Some of the individuals on the eight-man team were involved in other poisonings with similar substances – in the UK. “We are currently looking into a possible operation of theirs in Switzerland,” Grozev added. He shared how the Russian agents put poisonous substances on the door handles of their targets’ vehicles. Theoretically, the same may have happened in Bulgaria. Maybe the poison used against Gebrev was put on the door handle of a car, but the only evidence to this method is a publication in The New York Times, Grozev continued.
The deadly GRU team travels with fake passports listing their alternate identities, given to them following the completion of a training process, Bellingcat’s investigation ascertained.
“Our analysis shows that the group was set up in 2009. Until 2011 it was travelling primarily in former USSR republics – obviously they trained in those places. In 2011 they started travelling to eastern Europe. It was not until 2014 that they dared to go to western Europe,” Grozev explained. According to him, the investigative journalists are aware of the group’s botched operations, not its successful ones. Its structure is very tight, at the top of it standing Gen. Andrey Averyanov, who communicated directly with the Kremlin, Grozev revealed, noting that Averyanov was not that low on the chain of command and had ties to high-ranking people in office in Russia. The journalist added that GRU had a laboratory for poisons in Saint Petersburg.

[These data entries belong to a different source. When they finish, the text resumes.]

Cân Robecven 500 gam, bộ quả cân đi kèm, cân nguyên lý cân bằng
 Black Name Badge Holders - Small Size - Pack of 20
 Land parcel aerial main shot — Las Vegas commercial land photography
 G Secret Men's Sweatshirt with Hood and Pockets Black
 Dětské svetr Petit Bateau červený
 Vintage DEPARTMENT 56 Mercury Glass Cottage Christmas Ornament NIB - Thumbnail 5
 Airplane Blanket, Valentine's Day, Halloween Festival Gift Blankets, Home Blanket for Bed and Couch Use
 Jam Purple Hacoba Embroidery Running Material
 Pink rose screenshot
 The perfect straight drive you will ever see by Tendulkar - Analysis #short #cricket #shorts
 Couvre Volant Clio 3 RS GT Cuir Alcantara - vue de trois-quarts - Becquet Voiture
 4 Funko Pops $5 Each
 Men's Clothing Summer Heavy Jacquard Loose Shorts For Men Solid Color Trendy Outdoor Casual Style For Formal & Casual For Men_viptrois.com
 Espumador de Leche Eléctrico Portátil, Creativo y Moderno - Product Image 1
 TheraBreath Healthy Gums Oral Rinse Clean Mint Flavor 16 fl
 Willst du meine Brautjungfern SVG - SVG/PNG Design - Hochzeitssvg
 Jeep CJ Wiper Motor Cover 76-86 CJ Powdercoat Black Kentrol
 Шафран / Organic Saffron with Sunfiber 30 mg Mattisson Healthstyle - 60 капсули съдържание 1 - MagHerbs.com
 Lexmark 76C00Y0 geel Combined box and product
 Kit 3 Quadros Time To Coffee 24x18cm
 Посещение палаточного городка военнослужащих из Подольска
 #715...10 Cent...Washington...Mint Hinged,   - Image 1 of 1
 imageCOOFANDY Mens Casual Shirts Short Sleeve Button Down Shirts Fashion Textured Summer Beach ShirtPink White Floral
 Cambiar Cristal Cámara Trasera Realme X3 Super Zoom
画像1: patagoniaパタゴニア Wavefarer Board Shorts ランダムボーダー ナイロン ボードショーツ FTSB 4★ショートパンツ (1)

New York Times: Oligarch Malofeev wanted to acquire plant
“For years, members of a secret team (of the Russian military intelligence), Unit 29155, operated without Western security officials having any idea about their activities. But an attack on an arms dealer in Sofia helped blow their cover,” writes The New York Times in a lengthy article on the topic entitled “How a Poisoning in Bulgaria Exposed Russian Assassins in Europe”, published 22 December 2019. According to security officials cited by The New York Times, Gebrev was likely targeted because of the ways in which his business angered the Kremlin: his arms exports for Ukraine, his company establishing its presence in markets long dominated by Russia, and his efforts to buy an arms production plant that Russian oligarch Konstantin Malofeev wanted for himself.
At first, the Bulgarian authorities could not solve the mystery of who tried to poison the arms dealer. Obviously, they did not even know about the existence of Unit 29155. The same applied to the intelligence and security agencies in the rest of Europe, The New York Times continues. It reveals that Russia’s so-called Orthodox oligarch Konstantin Malofeev, a friend of fugitive banker Tsvetan Vassilev, wanted to acquire Dunarit. A secret memo written around the same time that Gebrev tried to buy Dunarit (and since made public by Bulgarian prosecutors – editor’s note) detailed a Russian plan to transfer Dunarit to the oligarch, Konstantin Malofeev. The US and the European Union have imposed sanctions on Malofeev for funding Russian-backed separatists in eastern Ukraine, as the influential newspaper notes. Malofeev and former GRU general Leonid Reshetnikov have been banned from entering Bulgaria for a period of 10 years, a measure imposed in September 2019. The Bulgarian prosecutors officially stated that as of April 2015 “Emiliyan Gebrev (had not taken) steps towards acquiring Dunarit, which makes any assertions to the contrary and citing such steps as reason for the attempted assassination groundless”. The Prosecutor’s Office also announced that weapons exports to Ukraine may be the reason for the arms dealer’s poisoning.